Aim of the exercise.
Give back the lines below verbatim, omitting all pictures.

-- Supplied records follows --

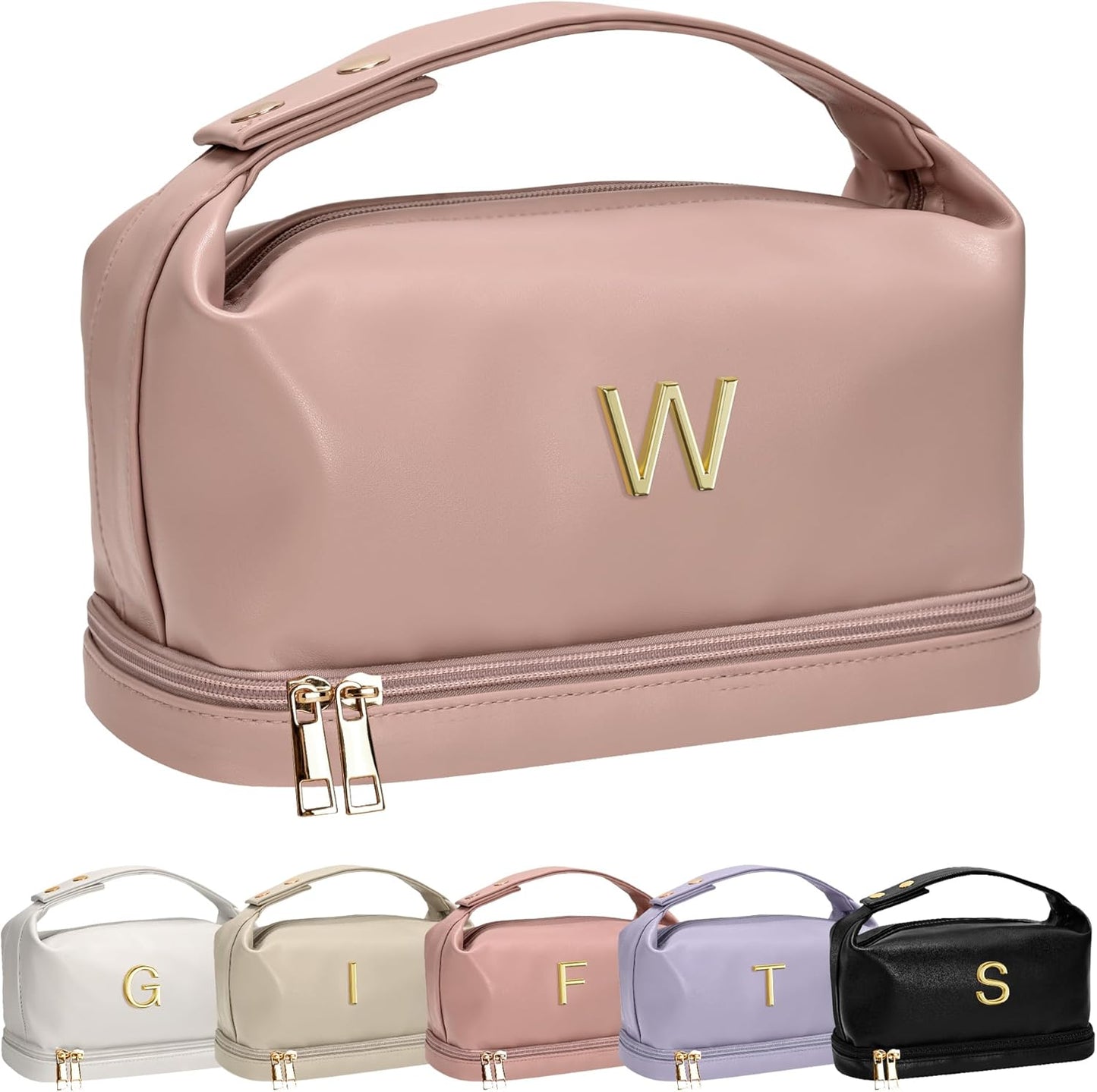 Makeup Bags Personalized Bags with Handle, Waterproof Double Layer Cosmetic Bag, Large Capacity PU Leather Makeup Bags Letter Travel Toiletry Bag with Makeup Brush Organizer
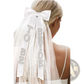 Bridal Bow Veil with Rhinestone Bride to be Lettering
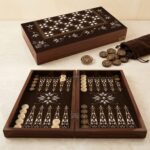 Star Antik Ceviz Ahşap Tavla Takımı Özel Tasarım Pullu Set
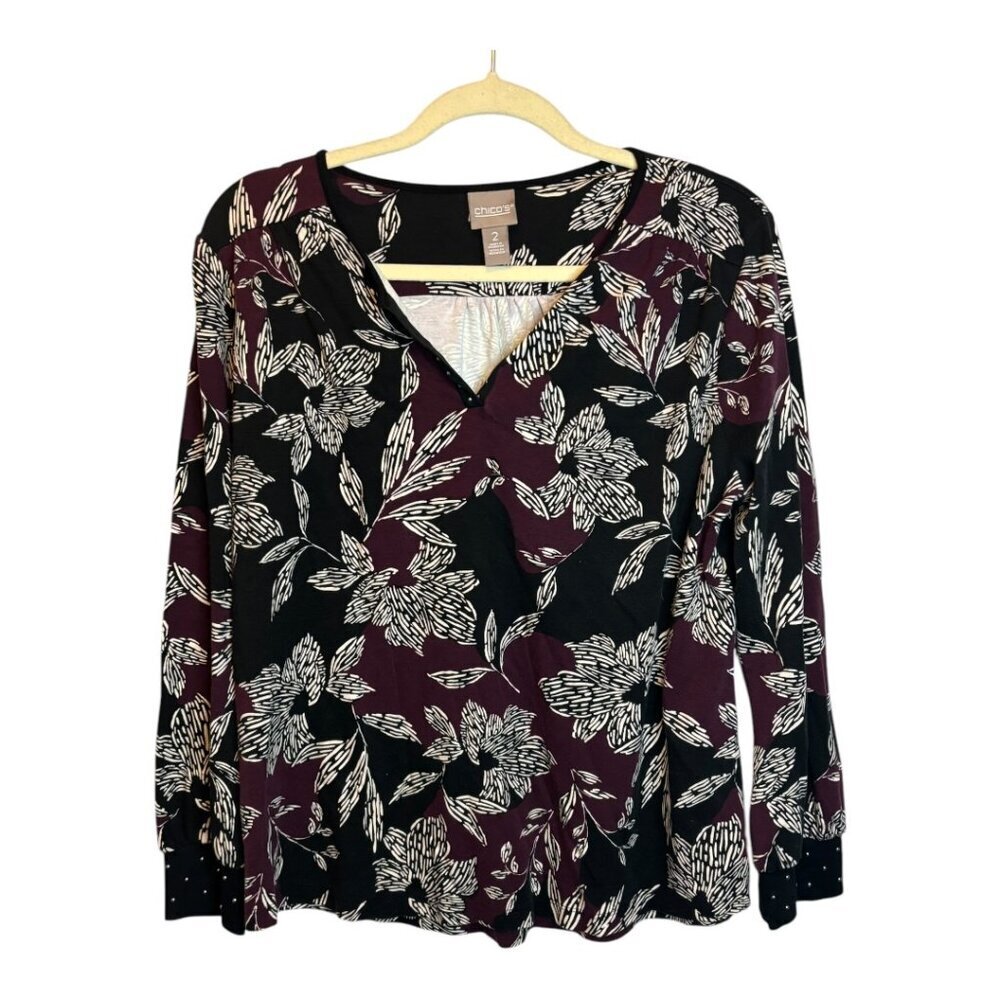 Chico's‎ Blouse Shirt Women's Size Large Floral Purple Black Chicos 2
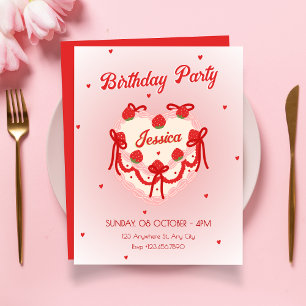 Convites Bolo de aniversário de coração fofo vermelho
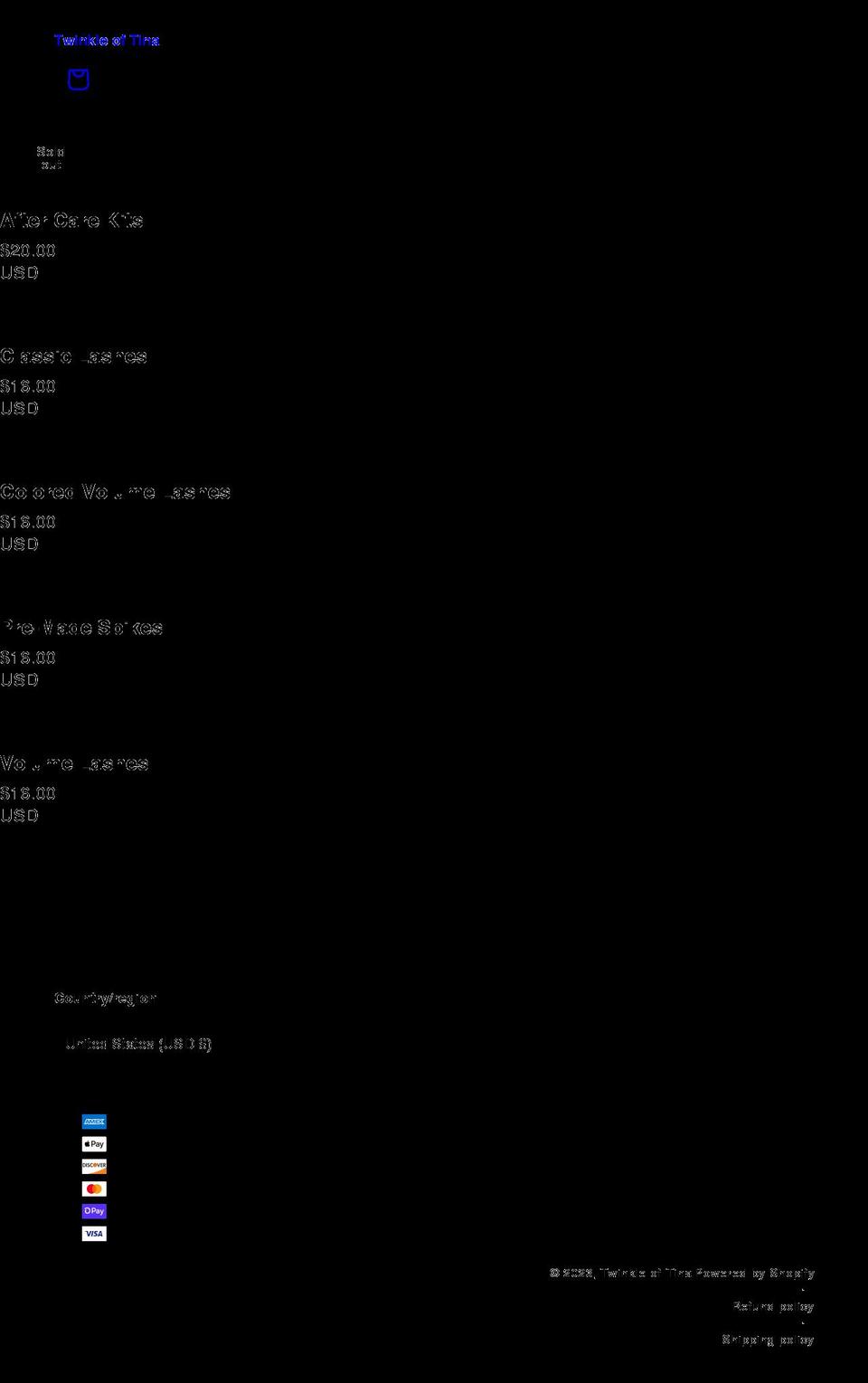 twinkleoftina.com shopify website screenshot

-- Supplied records concluded --

Problem solution.
 Makeup Bags Personalized Bags with Handle, Waterproof Double Layer Cosmetic Bag, Large Capacity PU Leather Makeup Bags Letter Travel Toiletry Bag with Makeup Brush Organizer
 Bridal Bow Veil with Rhinestone Bride to be Lettering
 Star Antik Ceviz Ahşap Tavla Takımı Özel Tasarım Pullu Set
 Chico's‎ Blouse Shirt Women's Size Large Floral Purple Black Chicos 2
 Convites Bolo de aniversário de coração fofo vermelho
 twinkleoftina.com shopify website screenshot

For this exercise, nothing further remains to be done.